KARMA HEYKEL SERGİSİ

Sempozyum kapsamında ne tür etkinlikler gerçekleştirilecek?

Değirmendere Sanat Evi’nin galerisinde kişisel ve karma heykel sergileri düzenlenecek. Bu etkinlik kapsamında Kocaeli Üniversitesi Güzel Sanatlar Fakültesi Heykel Bölümü akademisyenlerinin işlerinden oluşan bir karma heykel sergisi olacak ve bu sempozyum sürdükçe sergiler de çeşitlenerek devam edecektir.

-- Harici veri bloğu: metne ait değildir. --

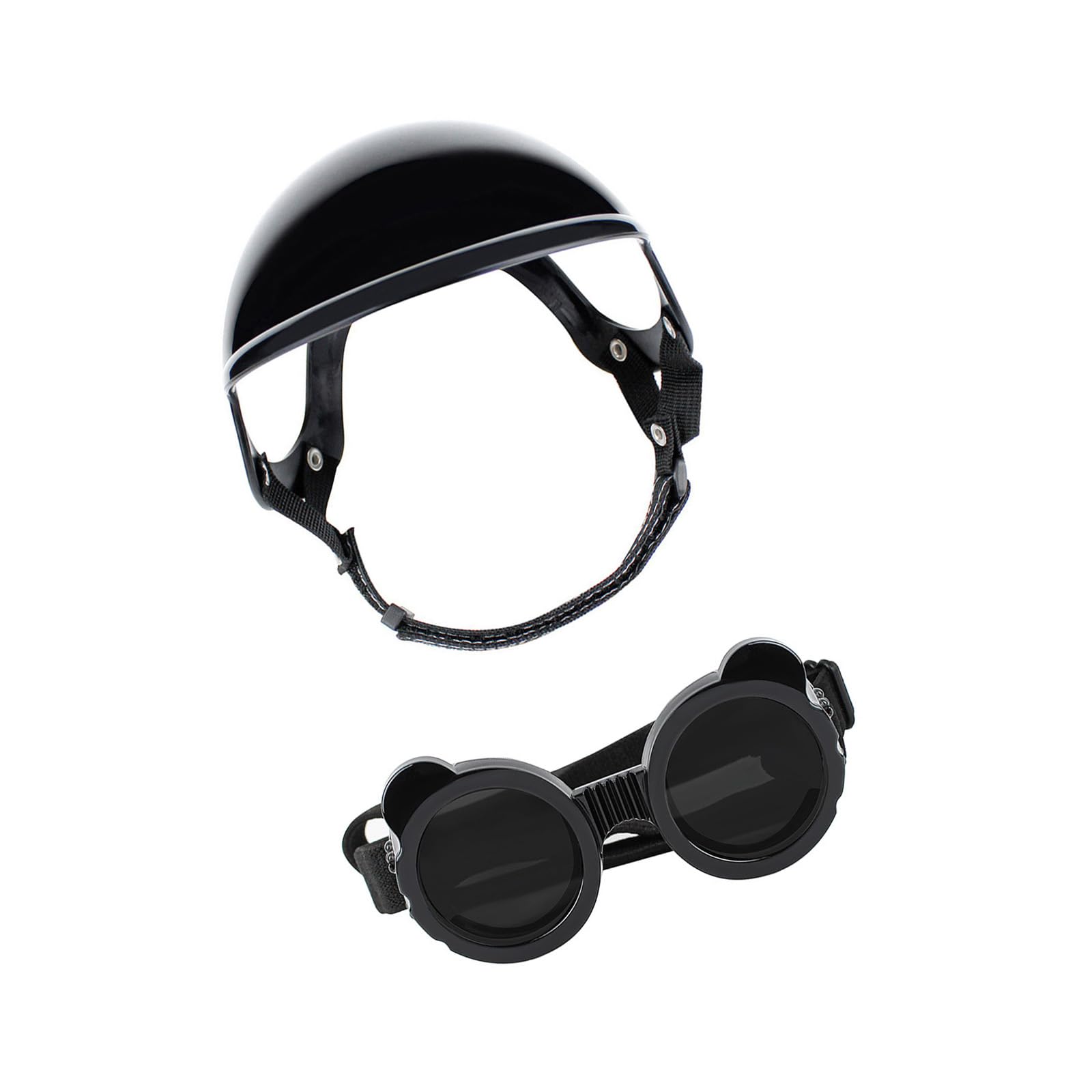 Pet Riding Helmets Sunglasses Combo, Impact-Resistant Frame & Soft Padding for Motorcycle Travel Dog Helmets for Small Dogs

Sempozyum genç heykeltıraş adaylarına neler söylüyor?

Her yıl Düzenleme Kurulu’nun aldığı ve uyguladığı bir karar vardır; üniversitemiz Heykel bölümünden mezun olmuş bir genç heykeltıraşı sempozyuma dâhil ederiz. Bir tek fark var; bu öğrencimiz de diğer heykeltıraşlar gibi projelerini gönderip jüri tarafından onay almalı. Projesi onay alan genç heykeltıraşlar dünyaca ünlü, kendi alanında başarılı olmuş, usta sanatçılarla aynı ortamda deneyim yaşayarak sanatsal gelişimine katkı sağlamakta. Ayrıca belirtmeliyim ki Türkiye’deki genç heykeltıraşlar mümkün olduğunca bu gibi ulusal ve uluslararası etkinlikleri takip etmeli ve başvurular yaparak ülkemizi sanatsal yönüyle temsil etmeliler. Bu onların sanatsal anlayışının gelişmesine büyük katkı verecektir. Sanat disiplinli bir biçimde çalışmak ve süreklilik ister, bu süreklilik de başarıyı getirir.

∗∗∗

ÜLKEDE İLK HEYKEL SERGİSİNİ AÇTI

Zühtü Müridoğlu 1928 yılında Sanayi-i Nefise Mektebi’nden mezun olur ve Paris’e gider. 1932’de Topkapı Sarayı’nda ilk kişisel heykel sergisini açmıştır. Bu sergi, aynı zamanda Türkiye’de açılan ilk heykel sergisi olma özelliğini taşır. Yaptığı büstlerde Paris’teki hocası Gimond etkileri görülür. Heykel formunu problem hâline getirip yeni form denemeleri yapan Müridoğlu, yatay ve dikey doğrultuda ilk soyut heykelleri yapmıştır. Yaşamının son dönemlerine doğru kadın figürlerini de heykele çeviren sanatçı, bu dönemler dans eden zayıf kadın figürleri tasarladı. Müridoğlu’nu 1992’de yaşamını yitirdi.